Imagining a scene described in natural language with realistic layout and appearance of entities is the ultimate test of spatial, visual, and semantic world knowledge. Towards this goal, we present the Composition, Retrieval, and Fusion Network (CRAFT), a model capable of learning this knowledge from video-caption data and applying it while generating videos from novel captions. CRAFT explicitly predicts a temporal-layout of mentioned entities (characters and objects), retrieves spatio-temporal entity segments from a video database and fuses them to generate scene videos. Our contributions include sequential training of components of CRAFT while jointly modeling layout and appearances, and losses that encourage learning compositional representations for retrieval. We evaluate CRAFT on semantic fidelity to caption, composition consistency, and visual quality. CRAFT outperforms direct pixel generation approaches and generalizes well to unseen captions and to unseen video databases with no text annotations. We demonstrate CRAFT on FLINTSTONES, a new richly annotated video-caption dataset with over 25000 videos.

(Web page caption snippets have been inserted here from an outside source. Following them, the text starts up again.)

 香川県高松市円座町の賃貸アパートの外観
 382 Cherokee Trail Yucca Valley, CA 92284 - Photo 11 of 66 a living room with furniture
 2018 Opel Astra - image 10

While the paper contains detailed ablation experiments on CRAFT, here we include additional baselines for Entity Retriever evaluation that could not be included in the paper because of space constraints. This baseline simply predicts the most frequent entities instead of using our Entity Retriever. The idea is to verify that the Noun, Adjective, and Verb Recall performance of CRAFT is not simply due to a skewed data distribution.

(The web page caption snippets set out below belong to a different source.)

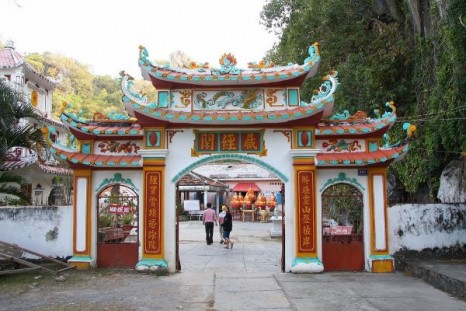 Đến Kiên Giang ngắm vẻ đẹp của ngôi chùa ẩn mình trong hang động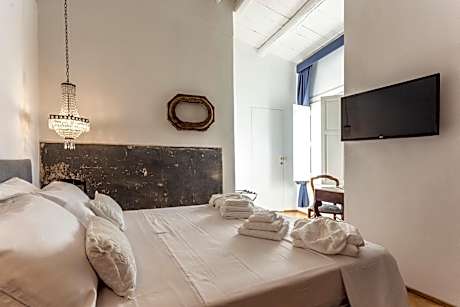 Double or Twin Room with Terrace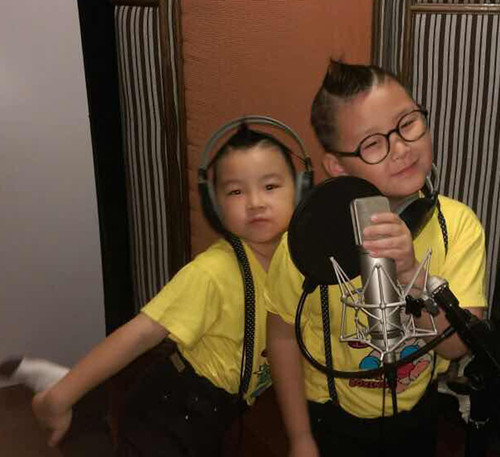 兄弟俩在录音时，表情鬼马有趣，童星风范十足。（马来西亚《星洲日报》）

Recall values for these baselines are shown below. Rows correspond to different ways of selecting the top k (for Recall@k) entities to be predicted. E.g., Noun selects k most frequent nouns in the training data and then for each noun, an entity containing that noun is randomly chosen. Triplet corresponds to selecting entities jointly considering frequency of associated noun, adjective, and verbs. CRAFT is nearly 3x better than these baselines in noun Recall@1. While Adj and Verb baselines sometimes outperform CRAFT on respective recalls, it is important to consider them jointly with noun recall. This is because retrieving "red hat" instead of "red shirt" is incorrect but produces a perfect adjective recall.
The Flintstones dataset is composed of 25184 densely annotated video clips derived from the animated sitcom The Flintstones. Clips are to be 3 seconds (75 frames) and capture relatively small action sequences.
How were the clips created?
The clips in the dataset are taken from multiple episodes and seasons. Clips were created from the original episodes by first detecting shot changes in each episode by thresholding on the pixel distance between consecutive frames. Shots longer than 75 frames were broken down into multiple 75 frame shots and those smaller than 75 frames were discarded.
How was the train-val-test split created?Nearby clips from within an episode can be similar (sharing entities and actions), while clips from different episodes consistently differ in some aspect. We ensure that all clips taken from the same episode are assigned entirely to either: train, val or test. Within a season, episodes are split using 80-10-10 split. This allows the training data to capture a wide gamut of characters, objects, actions, and scenes of the Flintstones world, while preventing test set captions and videos from being too similar to train or val as a whole.